WHAT NEEDS TO BE DONE: Only the lines of the listing below that run from the line with "股票配资专业网 国融汇通：专业金融服务，助力企业美好明天" through the line with "image:imageHomsunny Artificial Fake" are to be set down, word for word. Pictures stay out.
***** DATASET CONTENT *****
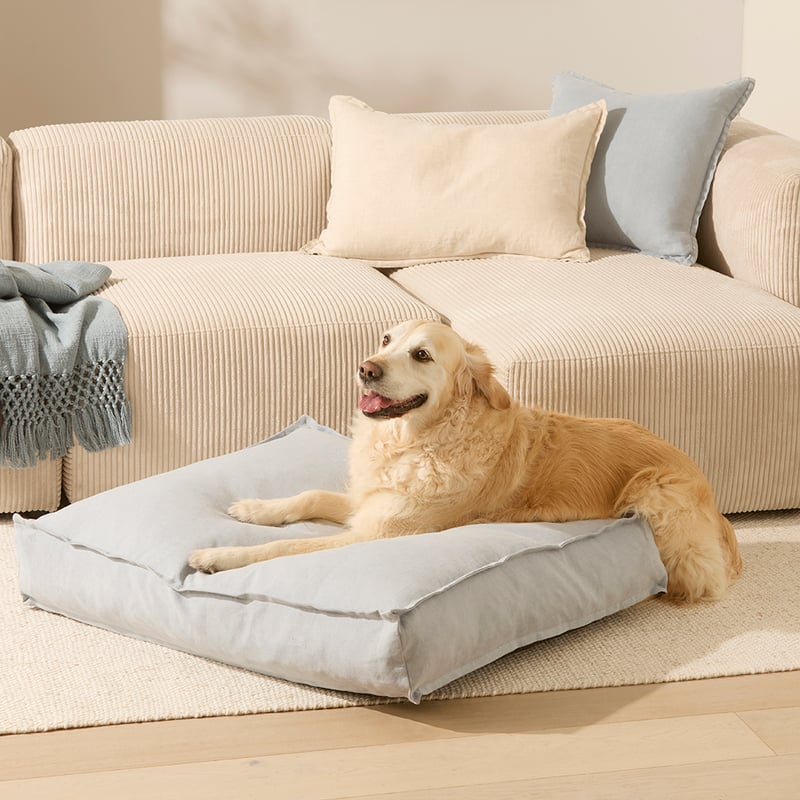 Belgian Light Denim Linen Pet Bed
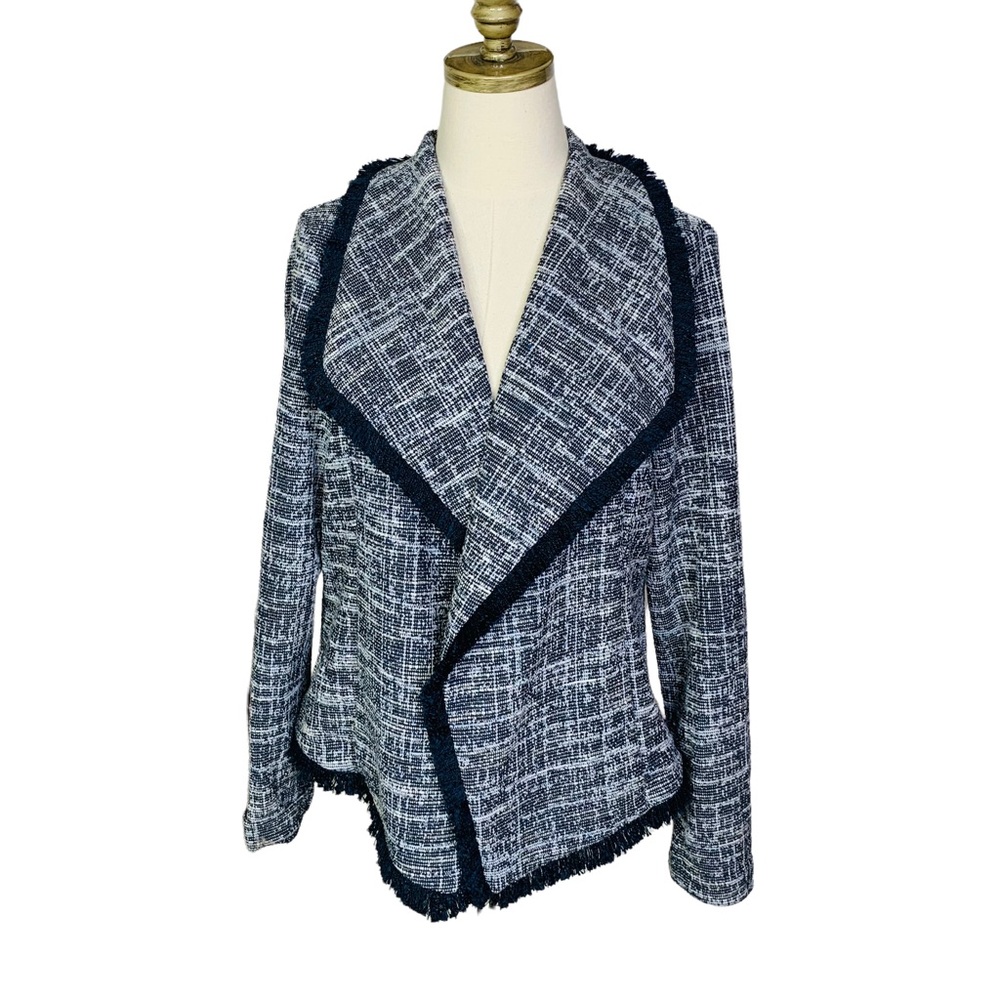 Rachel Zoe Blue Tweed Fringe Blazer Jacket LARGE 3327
*****
***** DATASET CONTENT *****
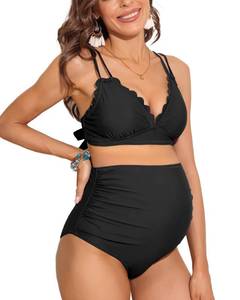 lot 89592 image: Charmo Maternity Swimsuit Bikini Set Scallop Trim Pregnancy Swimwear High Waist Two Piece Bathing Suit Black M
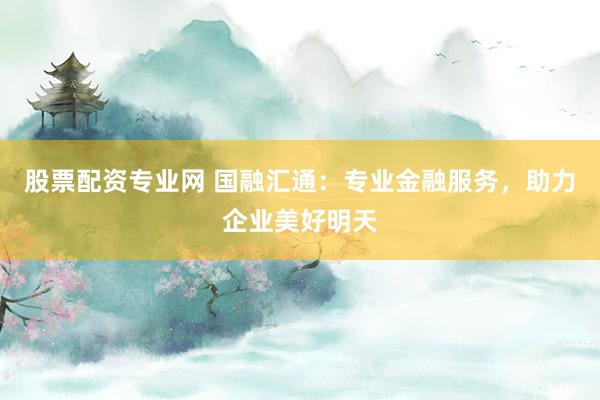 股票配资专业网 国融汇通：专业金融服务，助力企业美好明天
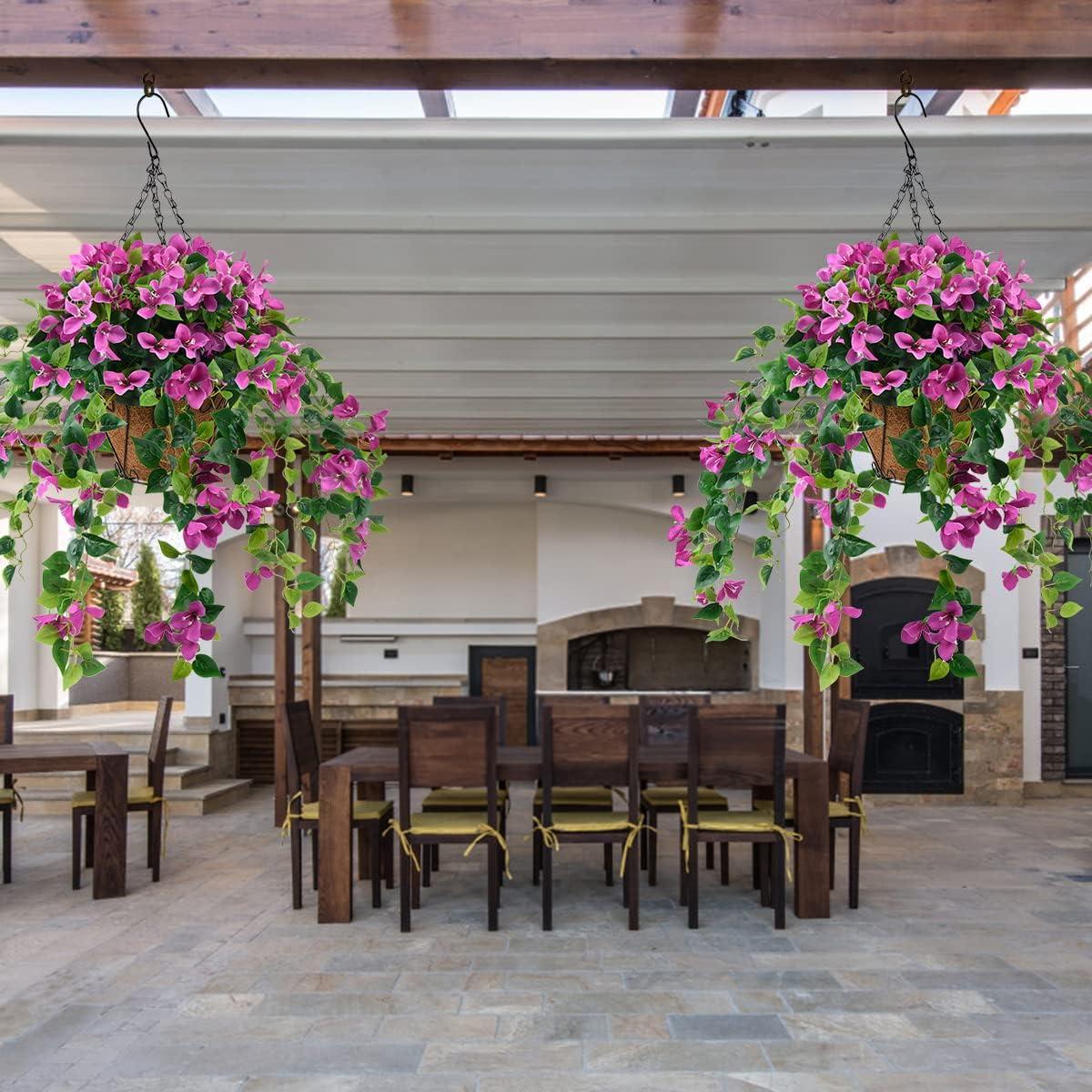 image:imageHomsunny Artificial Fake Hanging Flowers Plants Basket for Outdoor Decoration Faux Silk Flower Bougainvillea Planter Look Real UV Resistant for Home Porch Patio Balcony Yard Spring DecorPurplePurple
*****
TASK SOLUTION:
 股票配资专业网 国融汇通：专业金融服务，助力企业美好明天
 image:imageHomsunny Artificial Fake Hanging Flowers Plants Basket for Outdoor Decoration Faux Silk Flower Bougainvillea Planter Look Real UV Resistant for Home Porch Patio Balcony Yard Spring DecorPurplePurple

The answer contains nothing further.